1. 程式人生 > >ToneNet : A Musical Style Transfer

ToneNet : A Musical Style Transfer

ToneNet : A Musical Style Transfer

By: Team Vesta, University of Southern California.

CSCI:599 Deep Learning and Its Applications

Suraj Jayakumar ([email protected]), Rakesh Ramesh ([email protected]), Pradeep Thalasta ([email protected])

Introduction:

The recent success of Generative Adversarial Networks (GANs) in vision domain such as style transfer inspired us to experiment with these techniques in musical domain. Music generation mainly delves on two most important things: composition and performance. Composition focuses on building blocks of the song like the notations, tone, pitch and chords. And performance which focuses on how the notes are played by the performer. This uniqueness defines the style of music.

Dataset and Pre-Processing:

We have about 200 piano-only songs (MIDI files) classified as Jazz and Classical with average length of training data about 4 minutes.
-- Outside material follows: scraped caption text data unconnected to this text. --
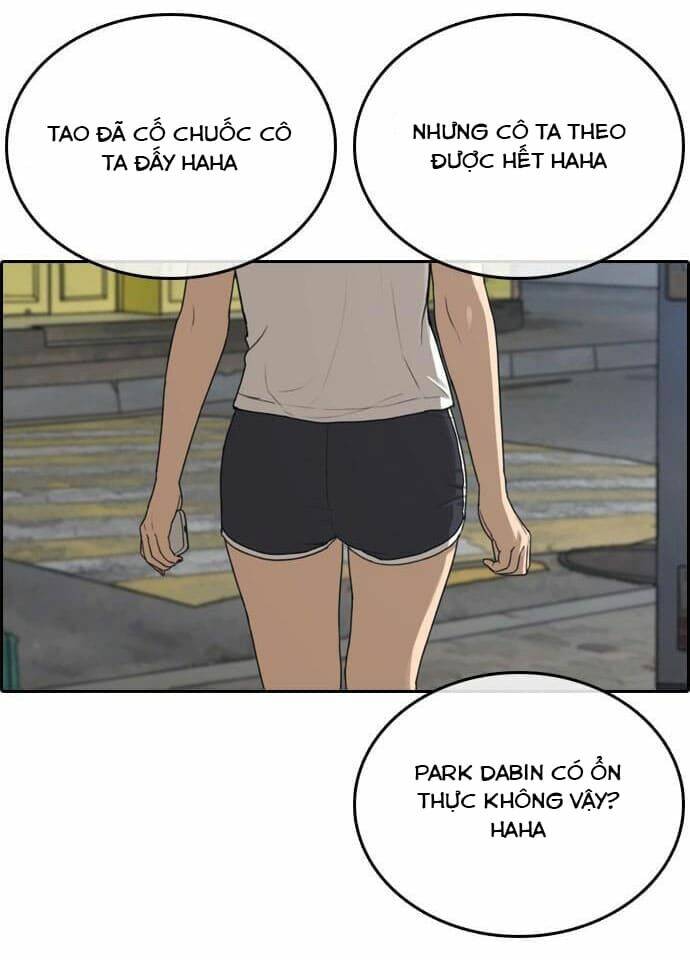 Chương 11 - Trang 62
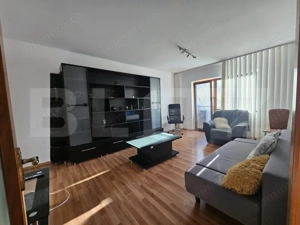 Apartament 2 camere, 55 mp, zona Aradului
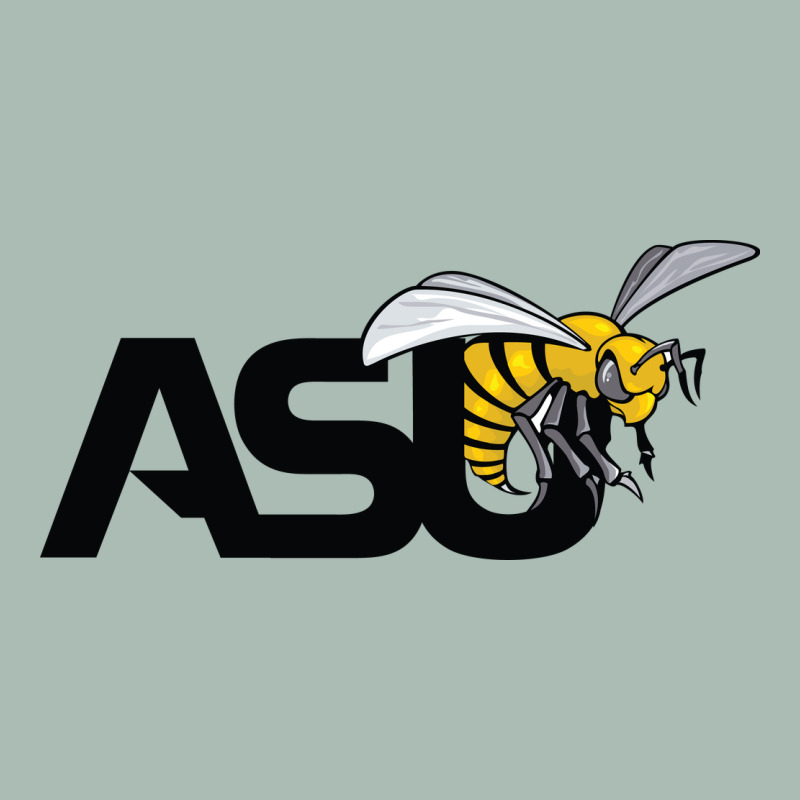The-alabama-state-hornets-merch Classic Tee by PixelFlow | Teevron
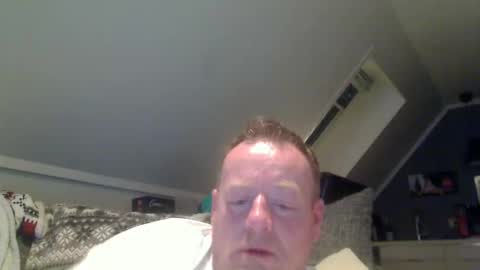 bignorwegian online show from 12, 2, 2025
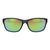 Herrensonnenbrille BMW BS0036 6020Q
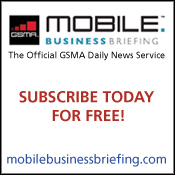MBB SubscribeBox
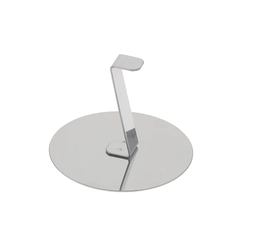 ST ST PUSHER  FOR ROUND RING ?7.5-8 CM \3006.01
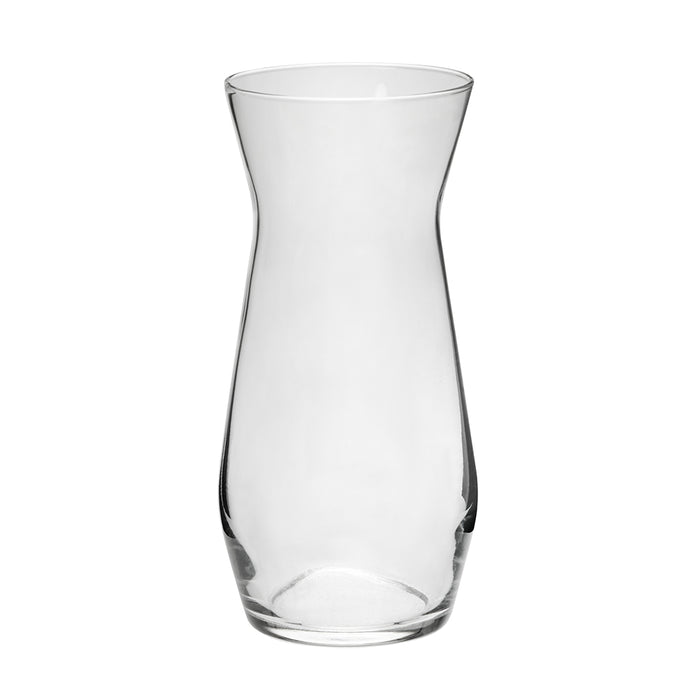 Paragon Vase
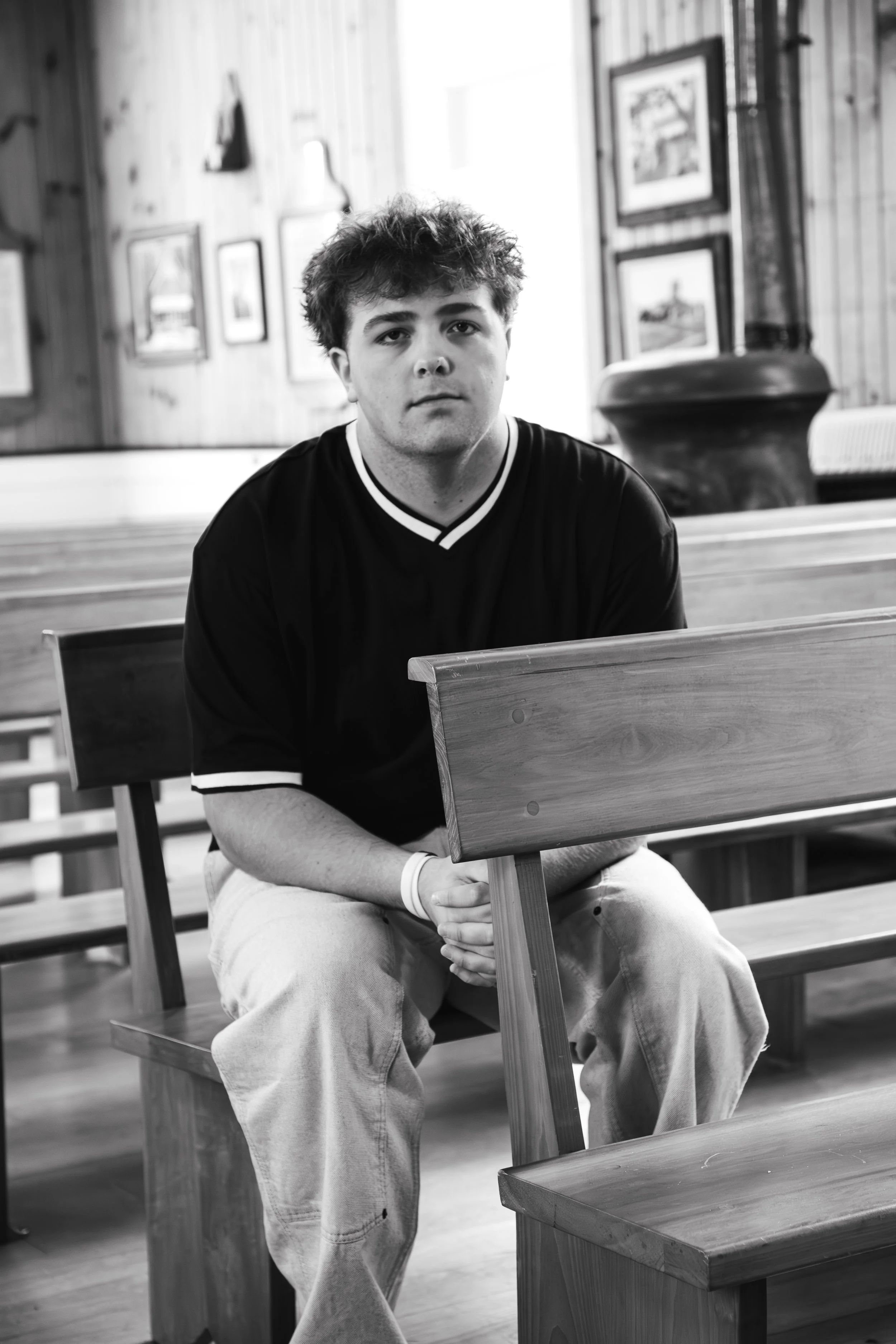 Hutson senior pictures 2026-4.jpeg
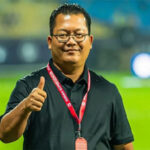 আইএসএল: হায়দরাবাদ এফসি–র সঙ্গে কোচ থাংবোই সিংয়ের সম্পর্ক ছিন্ন 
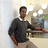 Onkar_Kore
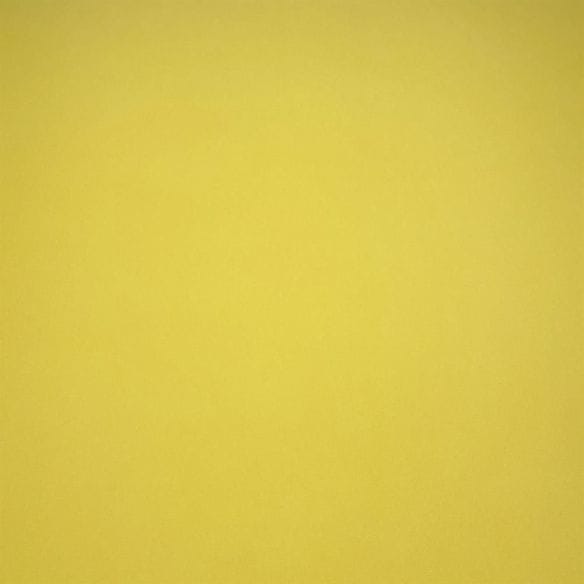 Tecido Two Way liso Amarelo • Luema Tecidos Tecido Two Way liso Amarelo • Luema Tecidos
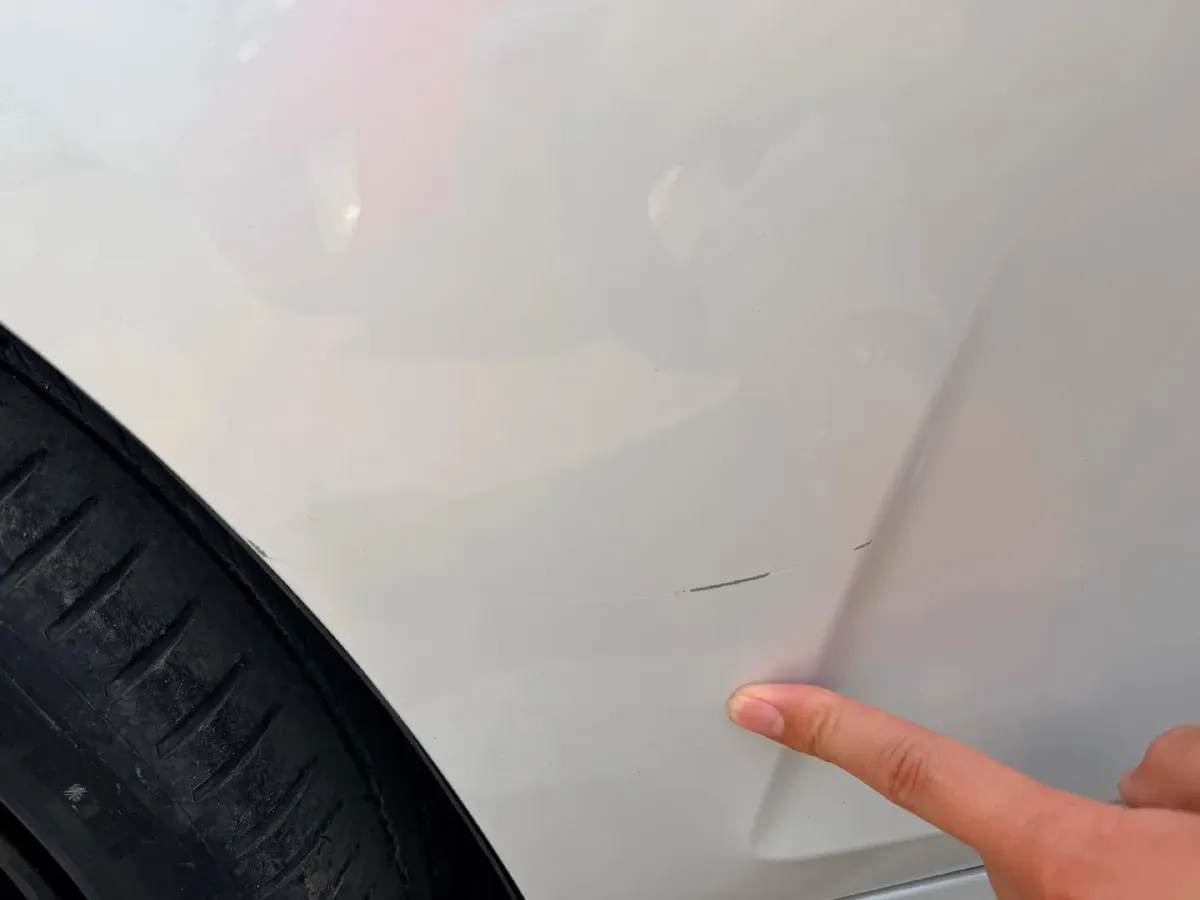 2022 HongQi HS7 3.0T 337HP V6 8AT,autocango,china used car exporter,china ev exporter,chinese used car exporter,chinese used ev exporter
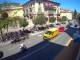 Opatija Do. 3.9.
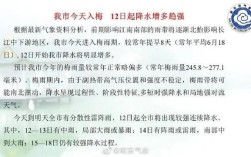 南京什么时候进入梅雨季节？现在南京湿度多少合适
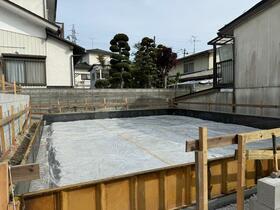 宮城県多賀城市下馬３丁目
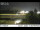 Webcam in Arlington, Washington, 56.2 mi away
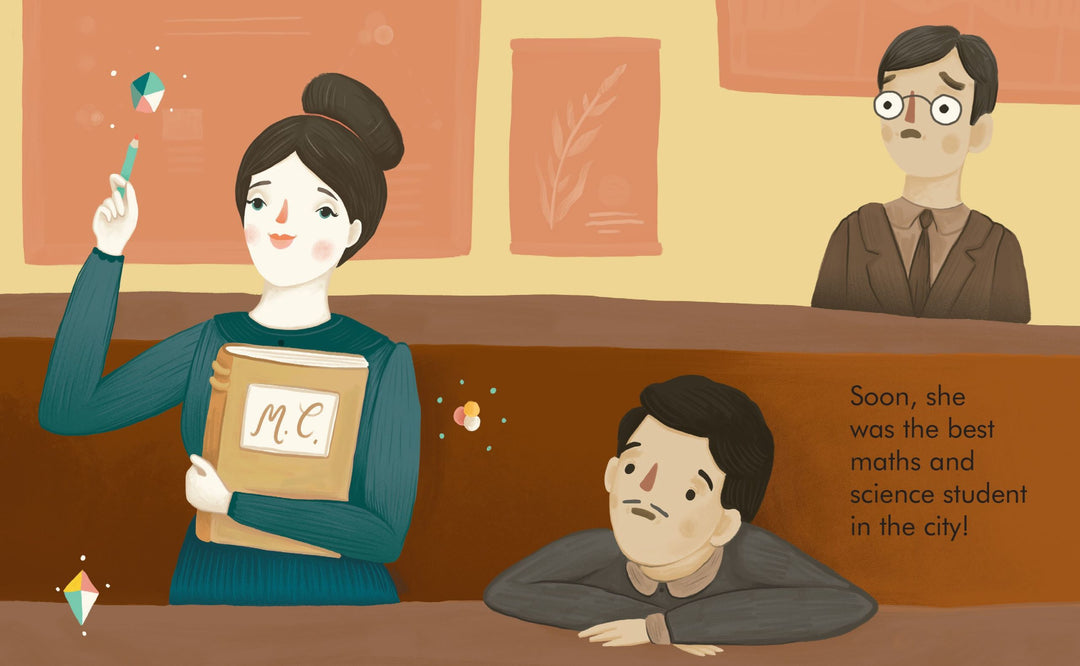 little-people-big-dreams-marie-curie-5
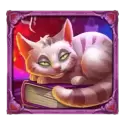 icon 3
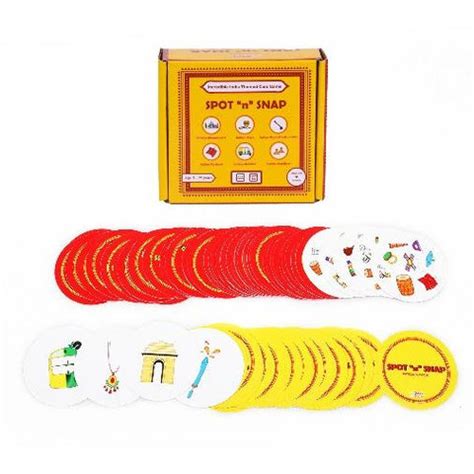 Toys Online India | Indoor Games & Toys for Kids - Desitoys.in – Desi Toys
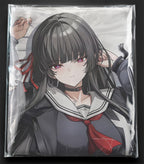 Qianxiao(Chisa) - Anime Pillowcase Fan-Art Edition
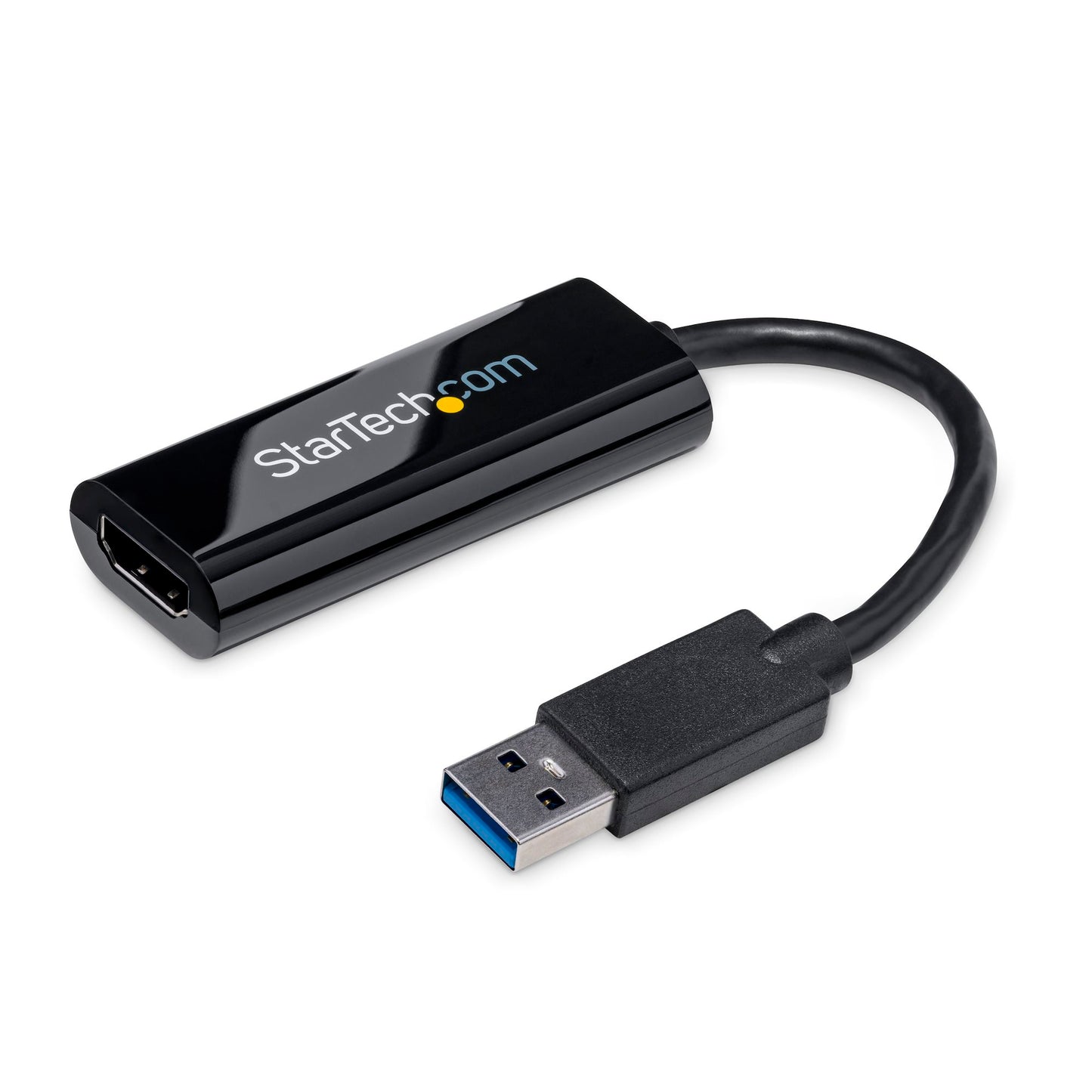 Startech USB zu HDMI Adapter - USB32HDES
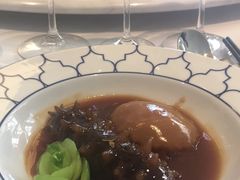 -伯衡55·吉品轩(乌鲁木齐南路店)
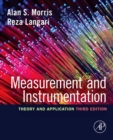 Image for Measurement and Instrumentation: Theory and Application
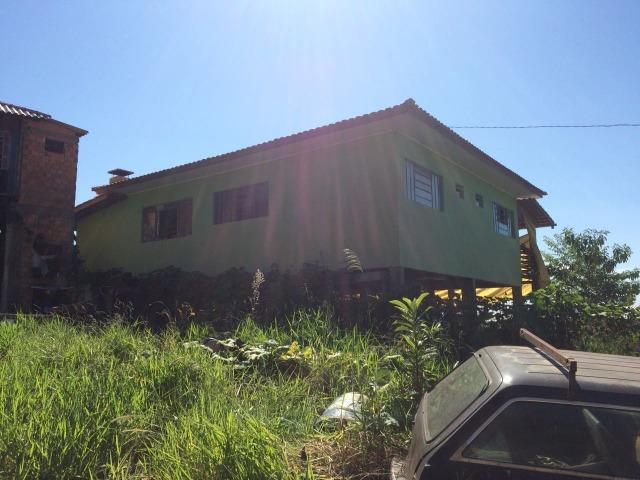 Casa de Veraneio - Foto 3
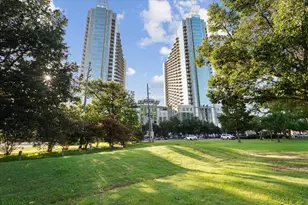 5925 Almeda Rd, Houston, TX 77004 - Photo 46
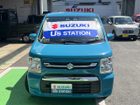 車両画像4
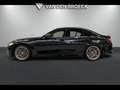 BMW M3 551HP LIMITED CS BERLINE - TOP Black - thumbnail 18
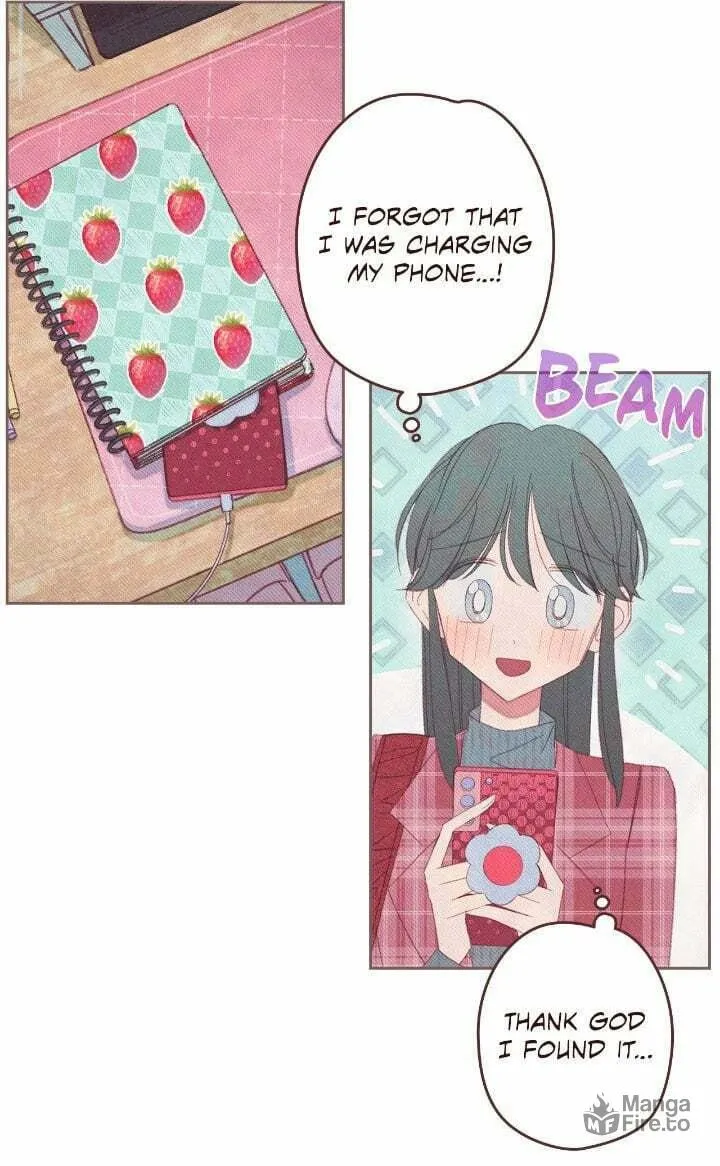 Read Obscene Hobby chapter 2 image 10 on Lezhin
Firstly, we quantize each MIDI file to align to the particular time interval thereby eliminating imprecisions of the performer. Secondly, we encode the input MIDI file into a T ×P matrix where T is the number of time steps in the song and P is the number of pitches in the instrument (Example, for piano with 88 keys we have 88 pitches). Further, in each value of the matrix we encode the information regarding note using a 2-D vector i.e., [1 1] note articulated, [0 1] note sustained and [0 0] note off.

Similarly, we generate an output matrix of the shape T ×P but here we encode velocities of the song i.e., the volume (scaled 1–127) of the next key that is played rather than the note information.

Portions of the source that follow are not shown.